Where did we go from this point? Logically, we grilled the child with the most comprehension about the movements and behaviours of the least communicative, but most inquisitive member of the family. Noah had started pushing chairs around a few days earlier. He was using them to climb up onto surrounding tables and shelves in order to discover more. Had he reached the key rack?
“Ethan, have you seen Noah with the car keys?” Julie asked.
“Yes! I saw him with them, but I don’t remember where,” replied Ethan. It was a great clue. One we’d only wished we’d received fifteen minutes earlier. Efforts to actually interrogate the teething toddler proved futile. He smiled and we melted.
The clue did trigger something in Julie’s memory though. She had remembered seeing Noah’s play keys outside on the patio. His play keys are actually real keys from a previous home that we no longer needed and they generally lived with our other keys up on the key rack! Evidence was mounting! Had he also been playing outside with our keys? We silently and not-so-silently wondered if he had tossed them outside into the heavy Mount Moreland foliage! Outside we went, scratching in the undergrowth, looking in weed beds, in bushes and under all manner of things.
Hope faded. The skies darkened. Time ran out.
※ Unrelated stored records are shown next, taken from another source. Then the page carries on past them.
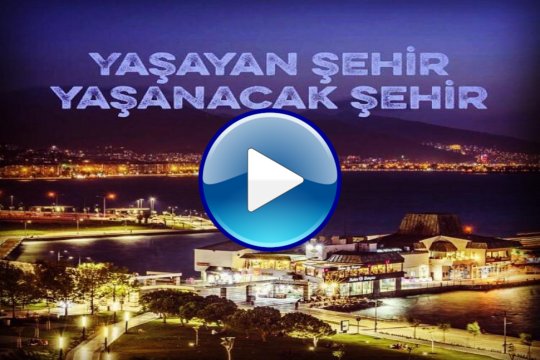 Yaşanacak Şehir (İzmir Yeni Tanıtım Filmi)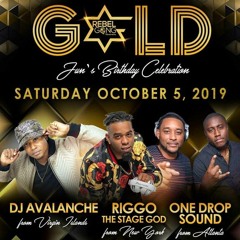 GOLD ATLANTA - DJ AVALANCHE X RIGGO SUAVE X ONE DROP - 10-05-2019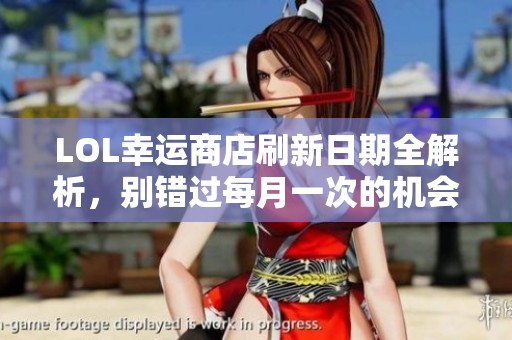 LOL幸运商店刷新日期全解析，别错过每月一次的机会！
We needed a miracle. We prayed. But the game was up. I needed to go back to work and we needed to make a decision about what the family was going to do for the afternoon. Defeated, they stayed at home and I returned to work.
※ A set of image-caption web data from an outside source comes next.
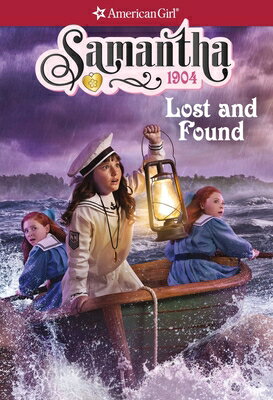 Samantha: Lost and Found SAMANTHA LOST & FOUND （American Girl(r) Historical Characters） [ Valerie Tripp ]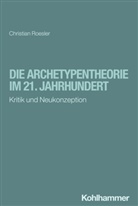Christian Roesler - Die Archetypentheorie im 21. Jahrhundert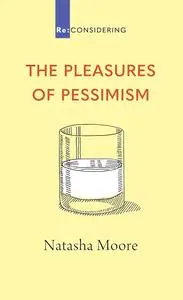 The Pleasures of Pessimism (Re: CONSIDERING)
The drive back was peppered with thoughts about the keys. I started praying fervently, asking for help. Had I dropped the keys outside on the way to the Raubenheimers the night before and a stranger had picked them up? They’d have access to the house! Do we need to get a locksmith? What about the car’s spare keys? Do I need to get a new set and a new battery? I saw problems and costs mounting. I prayed more.
With the true, fervent prayer, peace and clarity came. I felt the voice of the Father, the one who can love and cut us at the same time ask, “Will you pray for the lost like this?” As eternity loomed large over me, my response could only ever be ‘yes’. In an instant, I understood something more about His heart. Life was added to my knowledge. The gospel received some legs.
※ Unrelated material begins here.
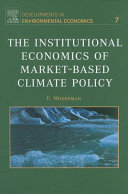 Read Pdf The Institutional Economics of Market-Based Climate Policy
Once we were all like our lost keys; important, valuable and horribly lost. But now we’re found. The work however, is not finished. Don’t try to do evangelism. Ask God for His heart for the lost. Let yourself be overwhelmed by His heart which beats for the lonely, broken and forgotten. You will naturally, and supernaturally, start to do His will.
And what happened to our keys? We found them a few hours later. They were in the door.